Data in this exercise
###
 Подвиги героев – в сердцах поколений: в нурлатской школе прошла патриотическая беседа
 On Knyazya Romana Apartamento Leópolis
###
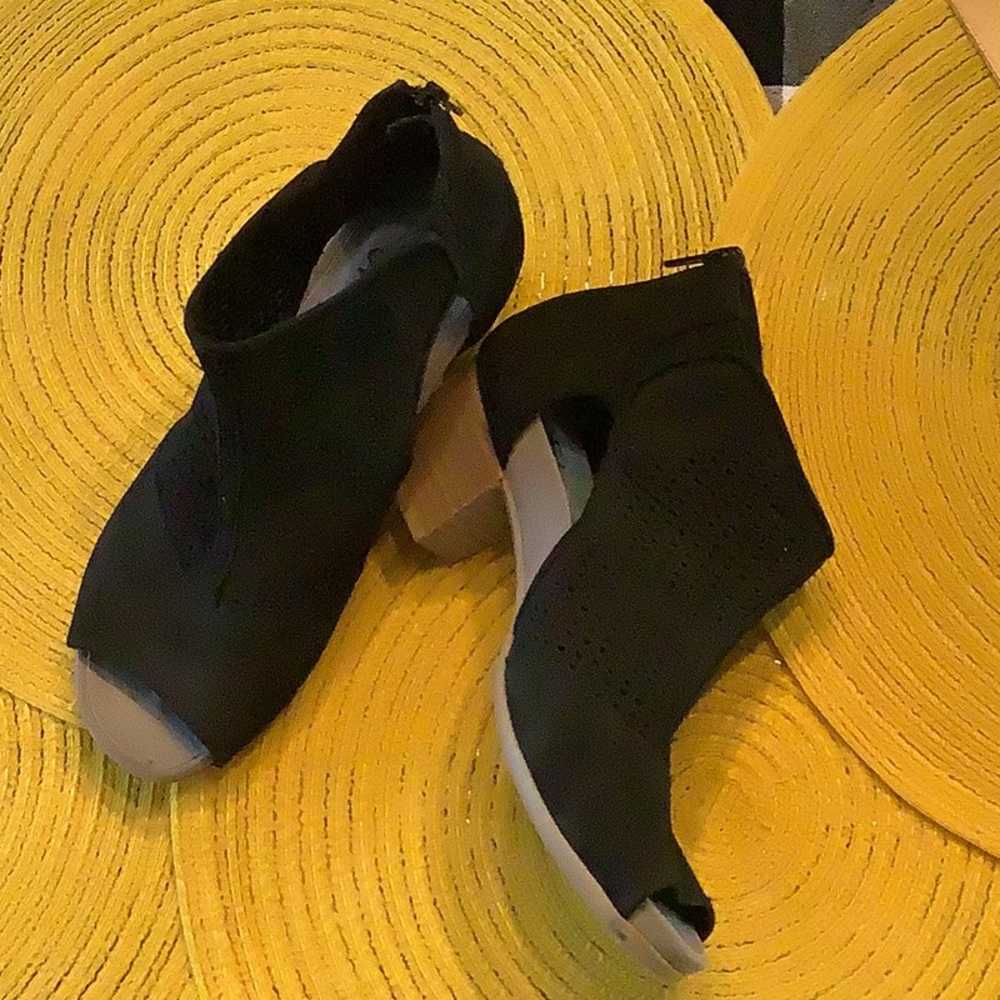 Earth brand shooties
###
About this exercise
Look in the material above for the line with "Подвиги героев –" and the line with "On Knyazya Romana Apartamento Leópolis", and transcribe exactly those lines and all lines between them, nothing more.

Task response
 Подвиги героев – в сердцах поколений: в нурлатской школе прошла патриотическая беседа
 On Knyazya Romana Apartamento Leópolis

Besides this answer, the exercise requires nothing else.